◆ WHAT IS NEEDED
Print only the lines below from the one with "Fresh baked loaf" to the one with "Szorty z wysokim stanem i... 2", both included, exactly as they stand. Leave pictures out.

◆ DATASET
□ □ □

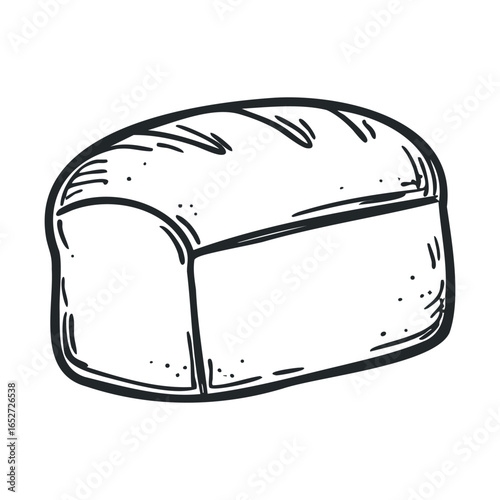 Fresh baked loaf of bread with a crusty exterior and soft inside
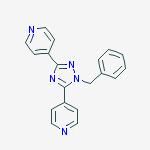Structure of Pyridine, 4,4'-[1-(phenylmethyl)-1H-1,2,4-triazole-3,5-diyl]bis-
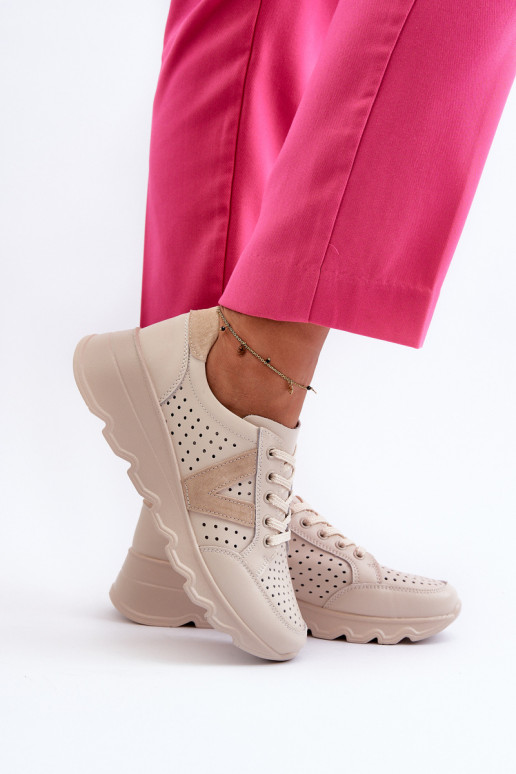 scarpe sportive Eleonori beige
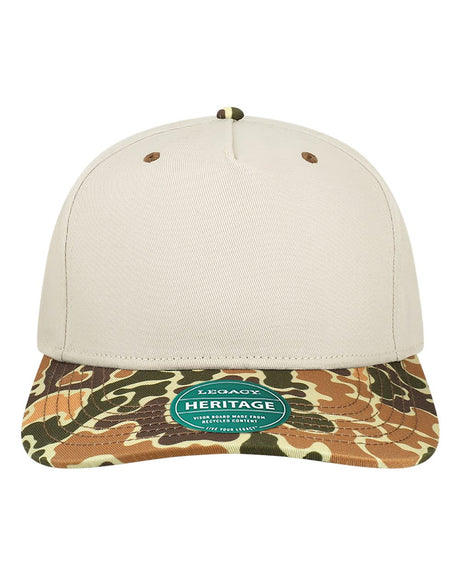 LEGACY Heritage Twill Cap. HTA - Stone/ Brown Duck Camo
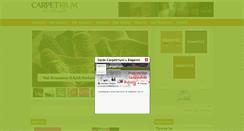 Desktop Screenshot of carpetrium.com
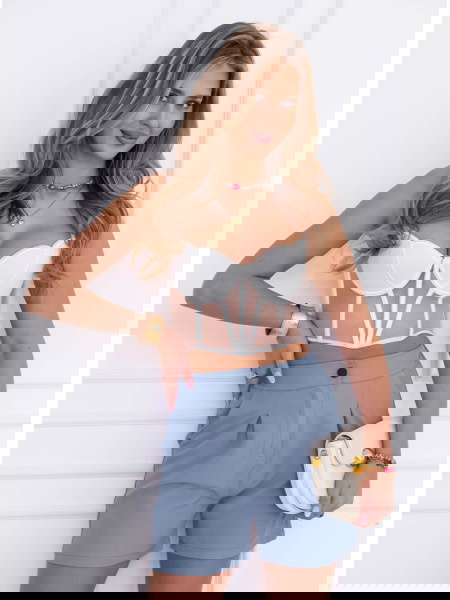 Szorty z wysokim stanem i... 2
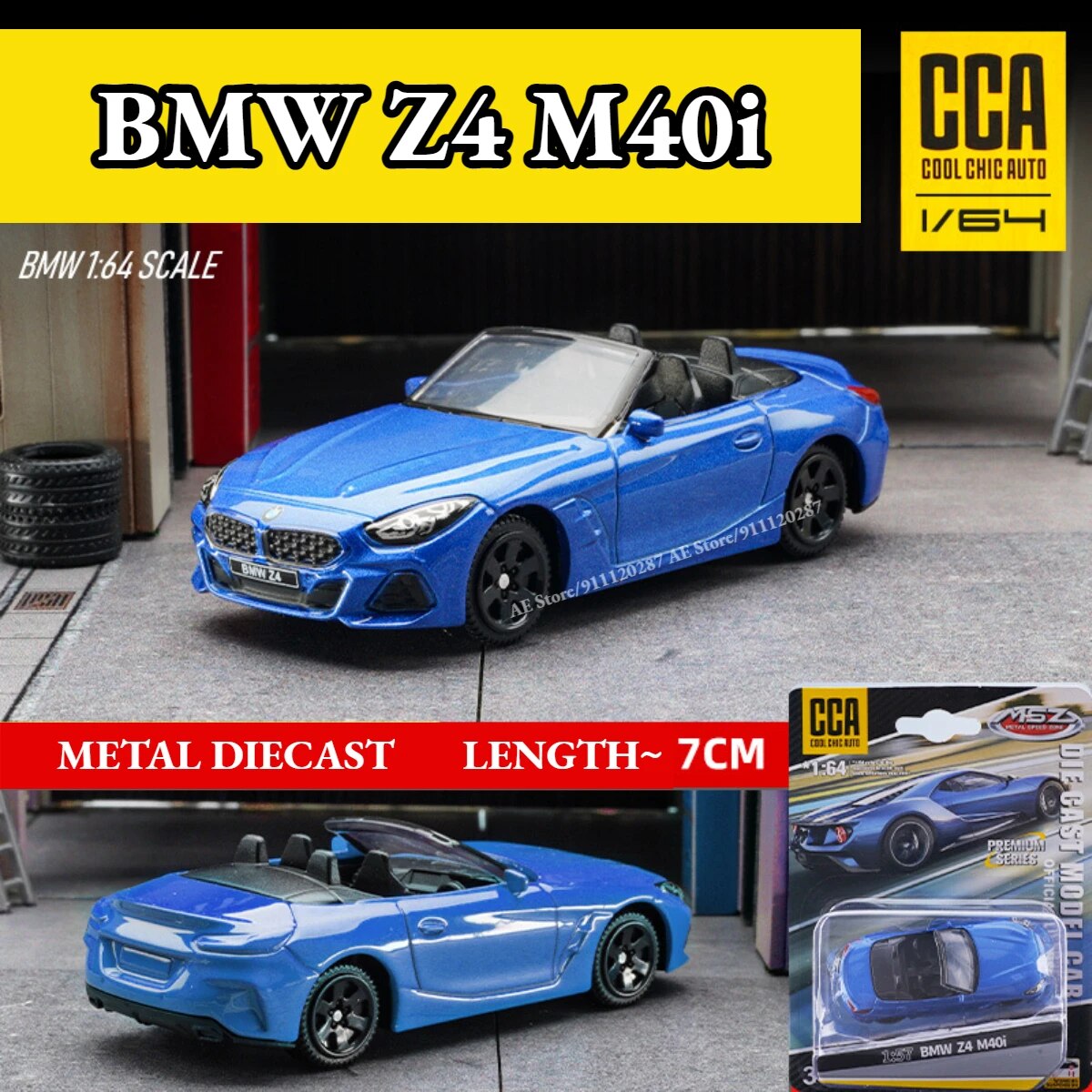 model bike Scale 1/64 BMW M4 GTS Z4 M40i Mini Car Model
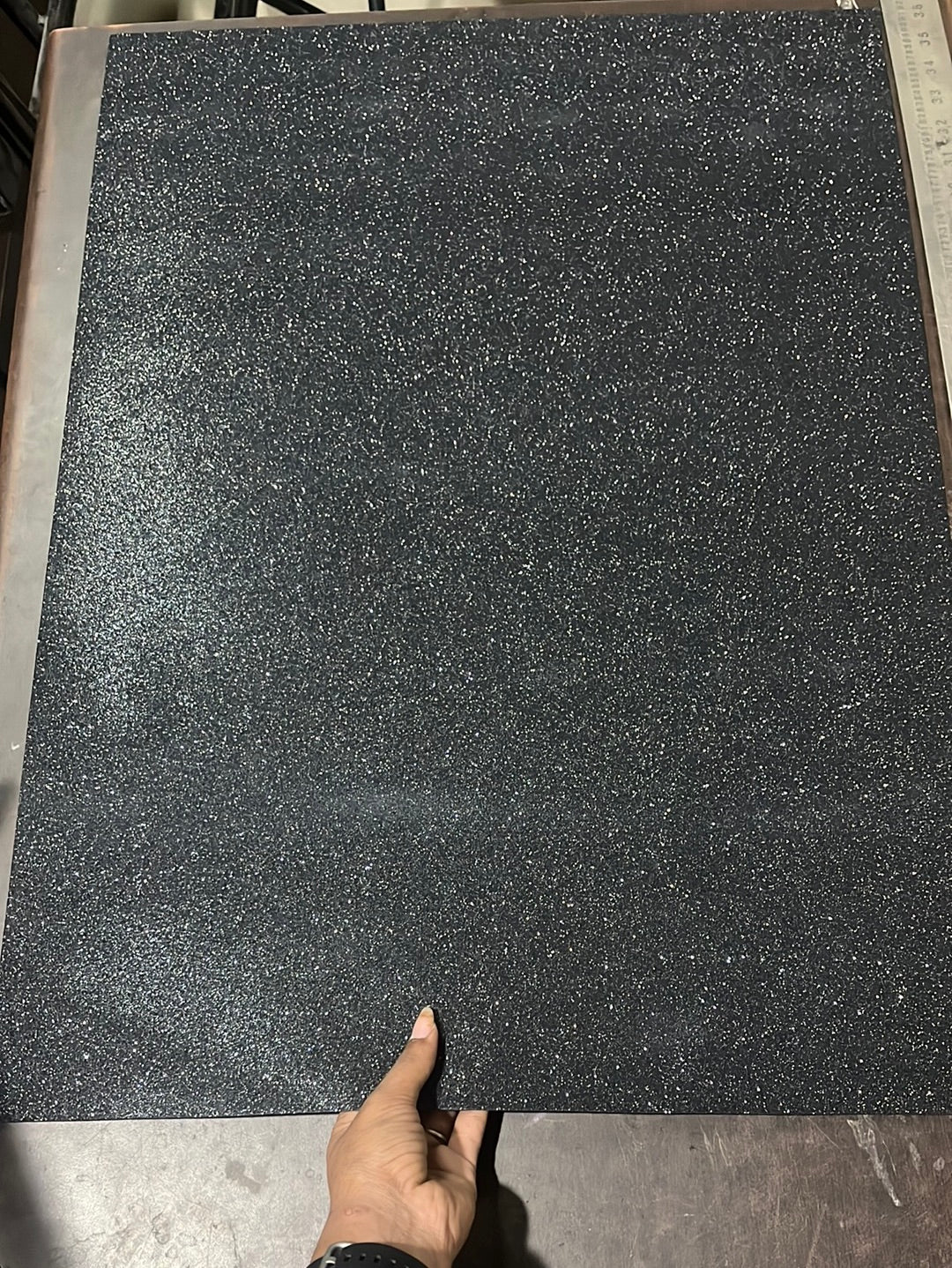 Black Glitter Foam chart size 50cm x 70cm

□ □ □

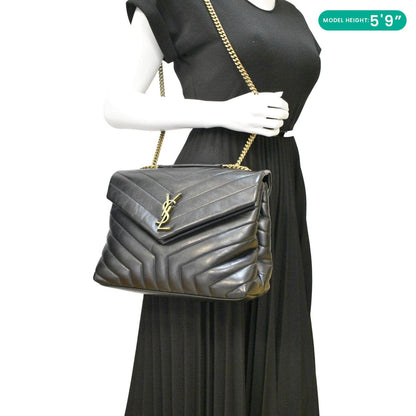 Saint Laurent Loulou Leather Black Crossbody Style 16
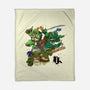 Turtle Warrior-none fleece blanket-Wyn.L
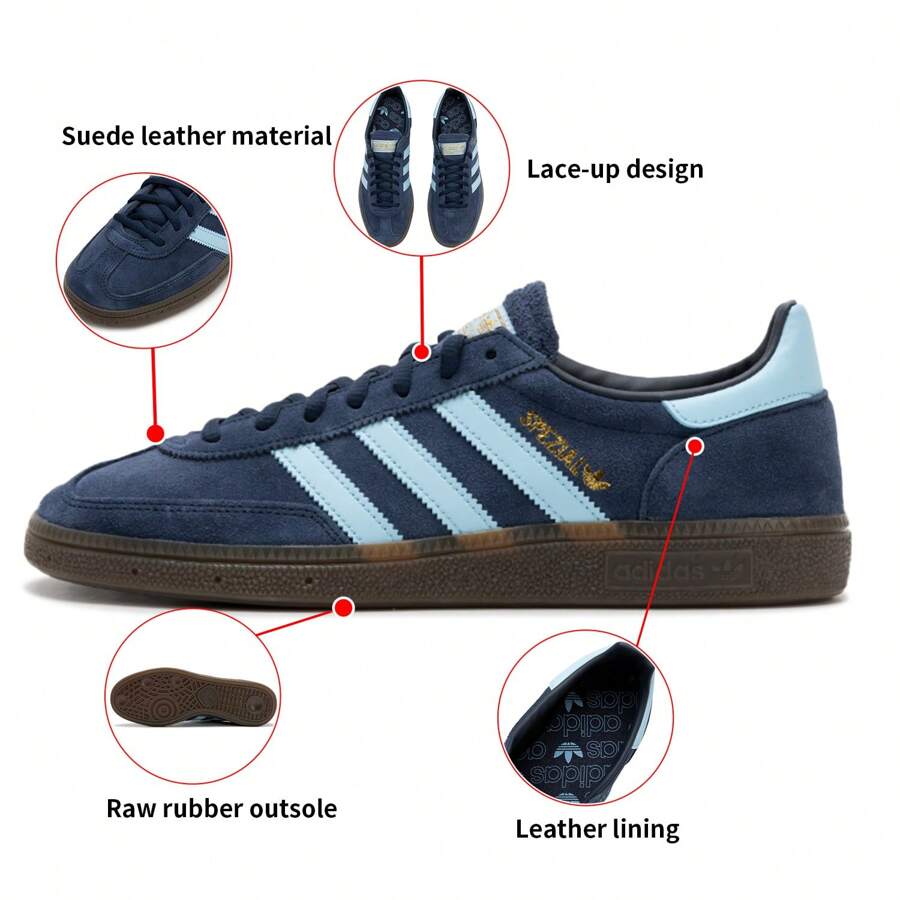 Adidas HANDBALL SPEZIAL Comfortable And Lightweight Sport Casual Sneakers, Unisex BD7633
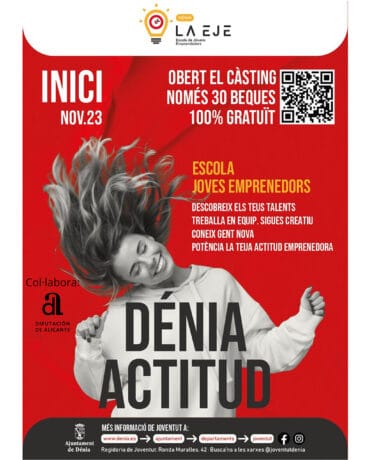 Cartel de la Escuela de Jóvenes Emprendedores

□ □ □

◆ OUTPUT OF THE EXERCISE
 Fresh baked loaf of bread with a crusty exterior and soft inside
Structure of Pyridine, 4,4'-[1-(phenylmethyl)-1H-1,2,4-triazole-3,5-diyl]bis-
 scarpe sportive Eleonori beige
 LEGACY Heritage Twill Cap. HTA - Stone/ Brown Duck Camo
 Desktop Screenshot of carpetrium.com
 Szorty z wysokim stanem i... 2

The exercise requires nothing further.